🤖 AI Summary
Multimodal large language models (MLLMs) lack reliable, scalable automatic evaluation methods for dermatological diagnostic report generation. Method: We introduce DermBench—the first real-world clinical image–report benchmark (4,000 cases)—and propose DermEval, a reference-free multimodal evaluation model. DermEval pioneers a clinically grounded, fine-grained scoring framework integrating structured critique with dimension-wise scoring, enabling fully automated, reproducible assessment without human-written references. Contribution/Results: On a 4,500-case test set, DermEval achieves a mean absolute deviation of only 0.117 from expert ratings (on a 5-point scale), significantly outperforming existing approaches. This work establishes the first integration of an expert-curated clinical benchmark with multidimensional automatic evaluation, substantially enhancing consistency, interpretability, and clinical credibility in diagnostic report assessment.
📝 Abstract
Multimodal large language models (LLMs) are increasingly used to generate dermatology diagnostic narratives directly from images. However, reliable evaluation remains the primary bottleneck for responsible clinical deployment.
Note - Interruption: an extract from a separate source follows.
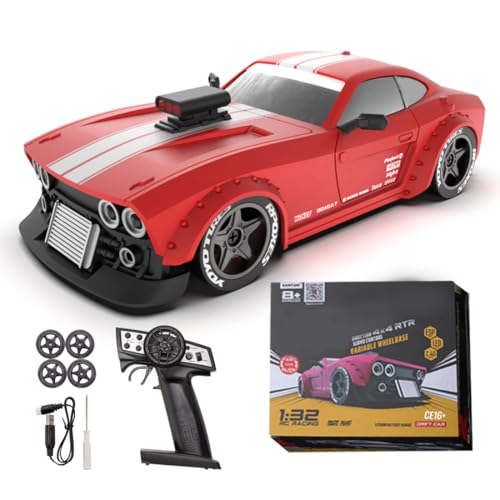 KM3299 RC Drift Car with Gyro Stabilization and LED Lights | 1:32 Scale High-Speed 4WD Mini Electric Remote Control Drift Vehicle, 30 km/h, RC Vehicle Gift for Adult - color: Red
We introduce a novel evaluation framework that combines DermBench, a meticulously curated benchmark, with DermEval, a robust automatic evaluator, to enable clinically meaningful, reproducible, and scalable assessment. We build DermBench, which pairs 4,000 real-world dermatology images with expert-certified diagnostic narratives and uses an LLM-based judge to score candidate narratives across clinically grounded dimensions, enabling consistent and comprehensive evaluation of multimodal models. For individual case assessment, we train DermEval, a reference-free multimodal evaluator. Given an image and a generated narrative, DermEval produces a structured critique along with an overall score and per-dimension ratings. This capability enables fine-grained, per-case analysis, which is critical for identifying model limitations and biases. Experiments on a diverse dataset of 4,500 cases demonstrate that DermBench and DermEval achieve close alignment with expert ratings, with mean deviations of 0.251 and 0.117 (out of 5), respectively, providing reliable measurement of diagnostic ability and trustworthiness across different multimodal LLMs.